The killings were so extreme that Khomeini’s deputy and preferred heir, Grand Ayatollah Hossein Ali Montazeri, objected, saying the victims had already been legally convicted and sentenced. It made a mockery of the law, Montazeri argued, to impose the death sentence on people who were already serving their time and had committed no new crimes.
Raisi called the killings “one of the proud achievements” of Iran’s government, according to an Amnesty International report. He went on to serve as prosecutor general in Tehran and later as the top prosecutor in the country. More than three decades later, Iran still has not officially acknowledged the massacres, and families of the victims are forbidden to publicly mourn or commemorate their deaths.
In 1989, Montazeri released documents and a secret recording proving Khomeini’s role in the long-denied massacres. He was placed under house arrest. When Khomeini died in 1989, a lower-ranking cleric, Ali Khamenei, was named supreme leader.
Remembered for a 'bloodbath'
Khamenei is now 85, and the question of who might replace him has been complicated by Sunday's crash.

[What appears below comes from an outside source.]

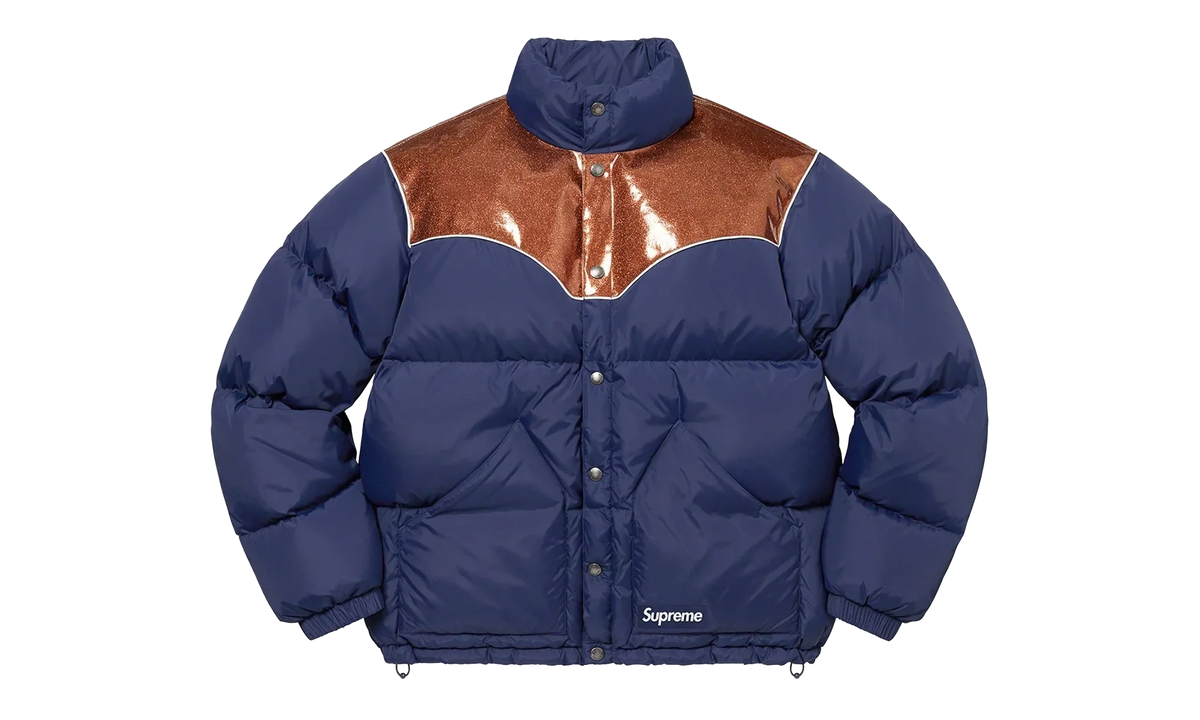 Glitter Yoke Down Puffer Jacket "FW22 - Navy" SU26914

“Raisi headed the list of potential successors,” Bazzi said. “Though it’s a little like papal succession, where the front-runner going in isn’t necessarily the front-runner at the end of the process.”
While Raisi’s presidency was marked by the violent suppression of women’s rights demonstrators, economic turmoil, and spiking conflict with the U.S. and Israel, he’ll probably be best remembered for one thing, Ostovar said: “This bloodbath of political prisoners at the end of the Iran-Iraq War.”